Your best bet would be to find a trophy Ranch that offers Bighorn Sheep Hunts and ask them where they source their Rams from. 
I know White elk Ranch keeps a number of north American native hoofstock for trophy hunting and breed them themselfs. They may be able to help you out.
I know they do keep Bighorns and they are several thousand $ per lamb.
My goal is to purchase some of their Transcaspian Urials and Nubian Ibex one of these years(when I win the lottery or get really lucky at the stock market )

I hope this info helps,
Anna


----------



## patandchickens (Feb 6, 2011)

I am wondering, just to check, whether the o.p. really means bighorn sheep in the sense of the wild American species which I agree with the previous poster is likely to require licensing to keep as a wild animal although I believe some game ranches keep them to sell to trophy hunters...

... or whether it is possible that they mean "sheep with big horns" in a more general sense, particularly the european mouflon and all its various domesticated crosses, which look fairly bighorn-sheep-like and are most certainly kept domestically.   http://www.unitedhornedhairsheepassociation.org/

Pat


----------



## cattlecait (Feb 6, 2011)

If you can't track down any reasonably priced Big Horns, there are a couple of domestic options bred for hunting. 

The American Blackbelly is derived from crosses of the Barbados Blackbelly and Big Horns, they're smaller and slimmer but they have the big curved horns.

Also, Soay sheep do look a lot like tiny Big Horns, and I've heard people will pay to hunt them.


----------



## boothcreek (Feb 6, 2011)

Mouflons are nice Sheep, thats for sure, I love mine but heck they can jump 6 ft up straight without taking a run at it.
Mine free Range with my American Black Bellies outside of the rut(around here thats in October) and do well, my ewe is extremely jumpy and if the herding instinct wasn't so strong she would have been gone months ago..... the ram is pretty cool in comparison but still jumpier then my ABBs.
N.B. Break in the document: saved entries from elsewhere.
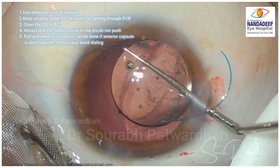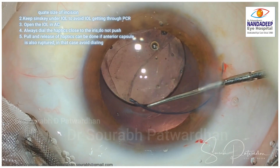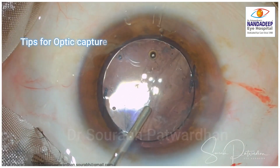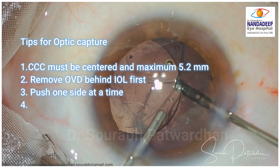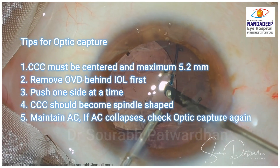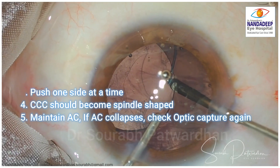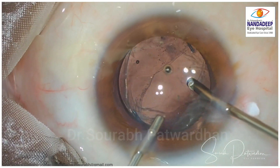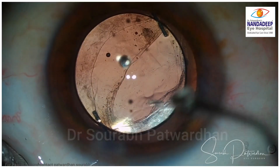Always keep a Sinskey while inserting, open the IOL in the anterior chamber, and then rotate or dial the IOL into the sulcus. If the pupil is small, use iris retractors and make sure everything is done under good visualization. For optic capture, the CCC must be centered and a maximum of 5.2 mm. Remove OVD behind the IOL first, or remove any residual vitreous, then push one side at a time — not from the center. Push one side first, then the second side, and the endpoint is that the CCC should become spindle-shaped, confirming complete optic capture.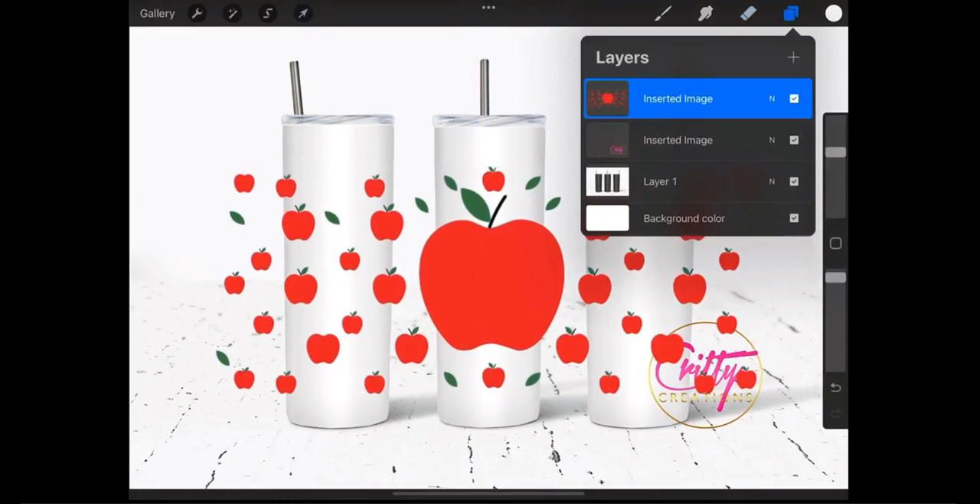She's already happy with the final result. Now what you need to do is move the layer with your design below the mock-up layer. First open the layers panel, and now you'll see how she drags and drops the layer with her design below the mock-up layer.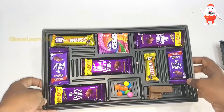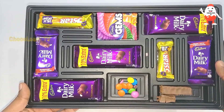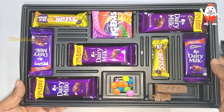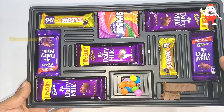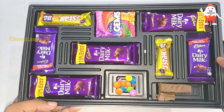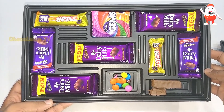So what do you think about this chocolate? Please let me know in the comments what I may have missed in this review. Do you like the Cadbury Celebration Pack? If yes, please comment below and also tell me what your favorite chocolate is.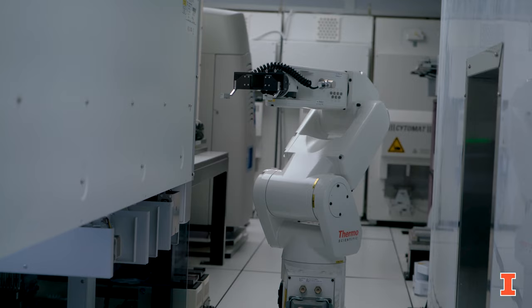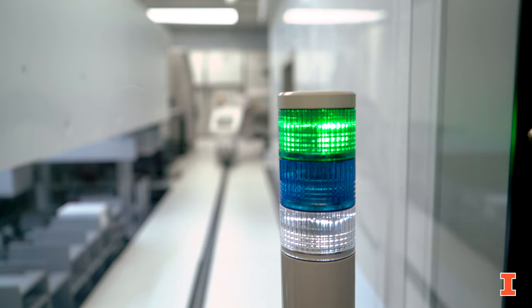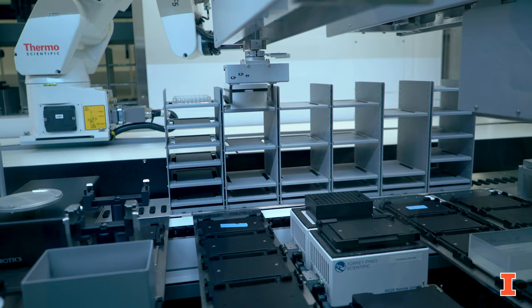I'm with Mason over here at the iBioFab, and he's going to tell us a little bit about a protocol that he's been working on today. Hey guys, I'm Mason. Today I'm going to show a simple protocol of transferring a plate to some of our equipment inside the iBioFab and doing a simple liquid handling transfer.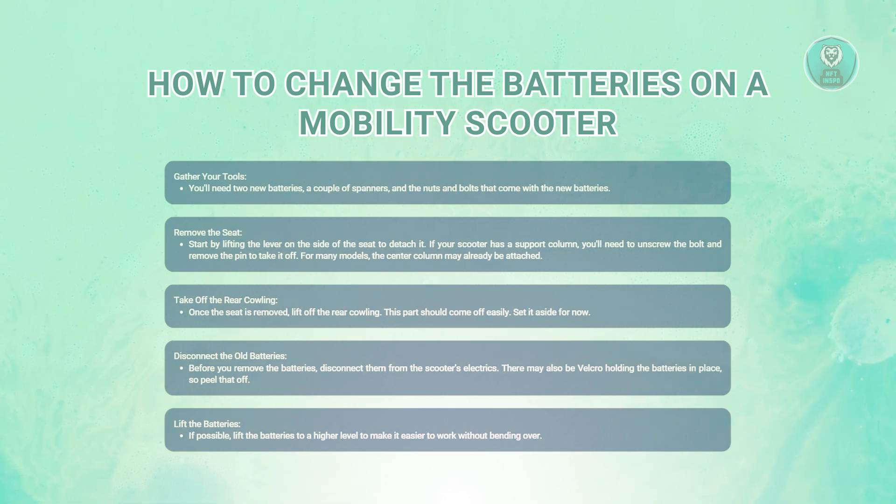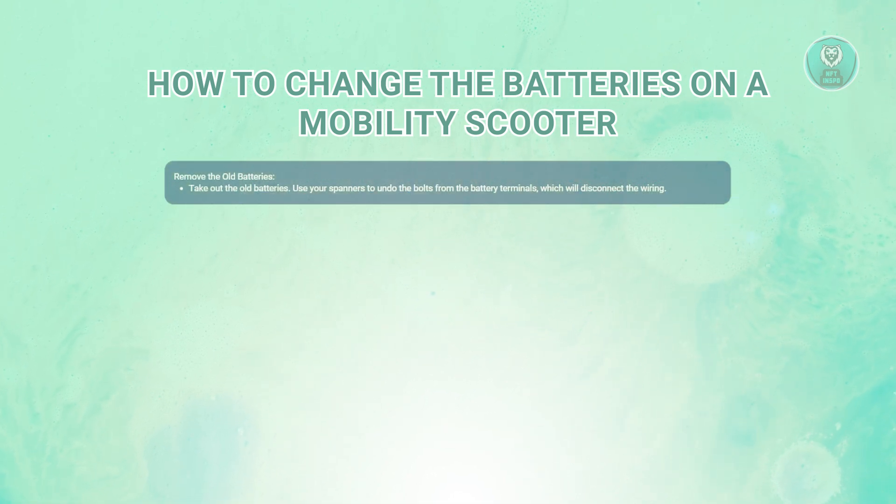It's also a good idea to lift the old batteries to a comfortable height if possible — this will make it easier to handle the next steps without straining your back. Go ahead and take out the old batteries. Use your spanners to undo the bolts from the battery terminals and disconnect the wiring. Keep track of which terminal is which: red for positive and black for negative, to avoid confusion later.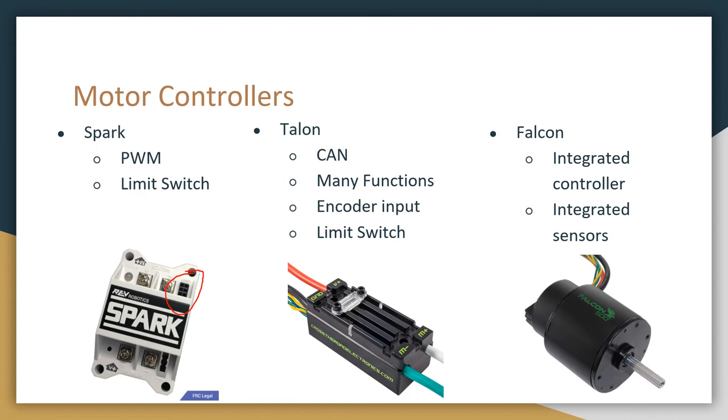Also with the Talon, it has encoder and limit switch inputs, and it's able to actually run its own algorithms onboard, which opens up a lot more functionality. The Falcon is very similar to the Talon, except it is a brushless motor, and the motor controller is actually built into the motor itself. This saves space and weight quite a bit, and it's also very powerful.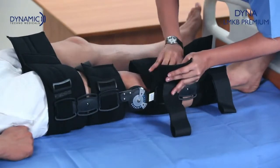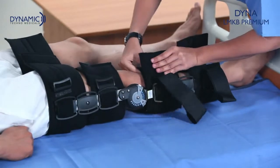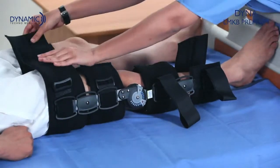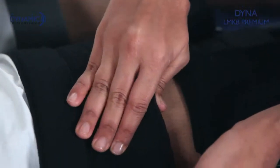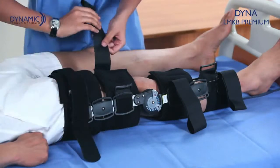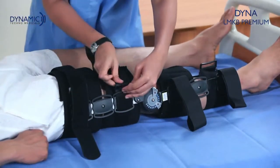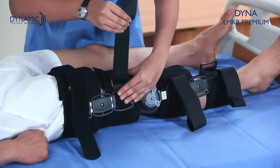Fasten first the lower thigh band just above the knee and the upper calf band just below the knee. Then strap the upper thigh band and lower calf band. After tightening the thigh and calf bands, fasten the Velcro straps in the same order.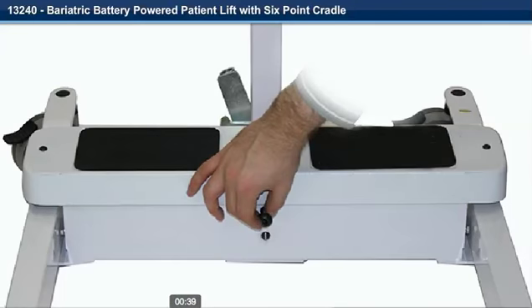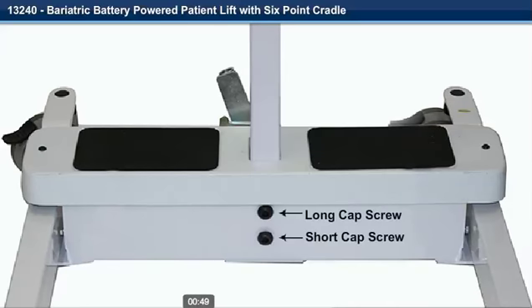Step 5. Install and tighten the two Allen cap screws with the provided Allen wrench. The longer cap screw goes on top and the shorter cap screw goes on the bottom.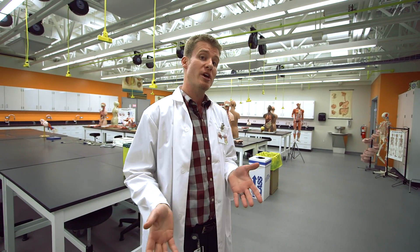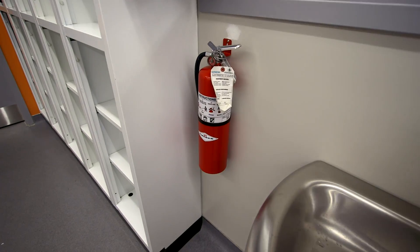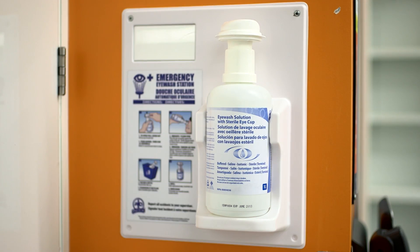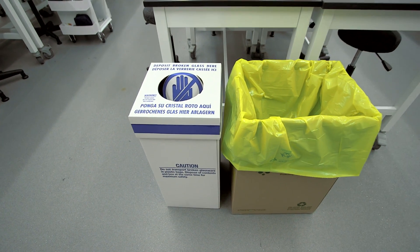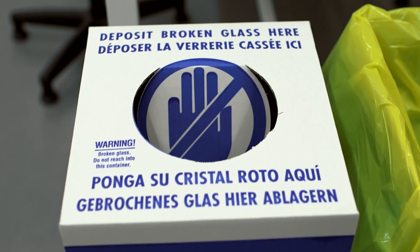When working in a lab, it's really important that you familiarize yourself with all the lab protocols and know the location of all the safety equipment. Let's look around. We have fire extinguishers by each entry door, eyewash bottles by the main lab door, and first aid kits on the wall by the cadaver lab door. There is also biohazardous waste disposal and broken glass disposal that will be out in the main lab when needed, or stored in the cadaver lab.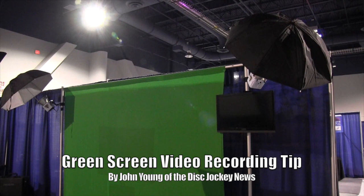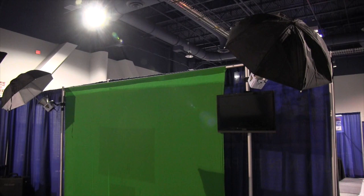This is John Young with the Disc Jockey News. This isn't specifically a photo for this photo booth company because they don't have any signs up, so I really don't even know who it is right off the top, but I wanted to show you green screen ability technology and how to do it and do it properly.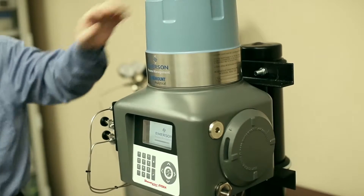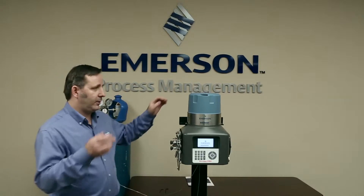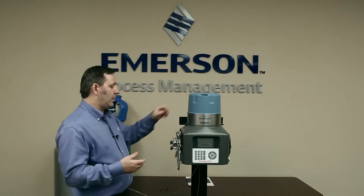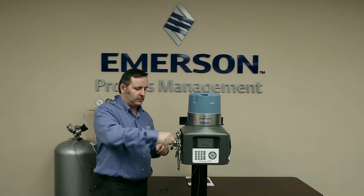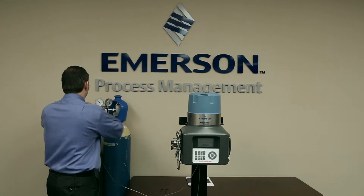So what we have here is the 370XA — it's running at the moment. The first thing we're going to do is take off power. Then we need to remove the gases, so we're going to isolate the gases here on the sample conditioning panel and the carrier gas supply.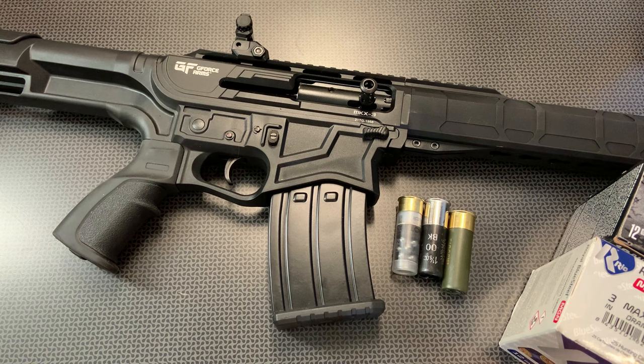All right, guys. I'm back today with another review of a GeForce Arms Semi-Auto Shotgun, and this one is in the 12-gauge pattern.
To handle these guys and any of the Wild Sheep you need enclosed handling facilities because they can climb up any wall/fence to get away.

Bottle Raised Mouf ewes make great pets tho. 
Still the coppersensitivity is the same as domestics.

Any of the domestic throphy Sheep breeds like Desert Painteds, Desert Sands, Texas Dahl, Black Hawaiian, American Black Bellies and whatever else inbetween(whatever doesn't fit the other categories is labeled a Corsican) are also copper sensitive. They are all pretty much just like domestic sheep, maybe a bit more jumpy but that is about it.

PS: American Black Bellies are derrived from Barbados blackbellies X  Mouflon, not bighorn sheep. None of the Domestic breeds derrived from crossing with bighorns and only bighorn crosses I have seen so far are either Alaskan DallXBighorn or StoneXBighorn.


----------



## cattlecait (Feb 6, 2011)

boothcreek said:
			
		

> PS: American Black Bellies are derrived from Barbados blackbellies X  Mouflon, not bighorn sheep. None of the Domestic breeds derrived from crossing with bighorns and only bighorn crosses I have seen so far are either Alaskan DallXBighorn or StoneXBighorn.


Thank you for the correction! It came out of a book, but this book has been wrong on some other things too


----------



## boothcreek (Feb 6, 2011)

No worries. I got some books like that too...... 
My ultimate goal is to own many wild sheep species from all over the world one day, so I researched everything to death.
And the trophy type domestics I find just plain interesting and researched everything about them as well.

If it were legal i would love to keep the north American sheep species, but where I live that is a no go! Oh well, I can take a 10 min drive and watch wild bighorn sheep from the car for hours on end, i guess i have to contend with that.


----------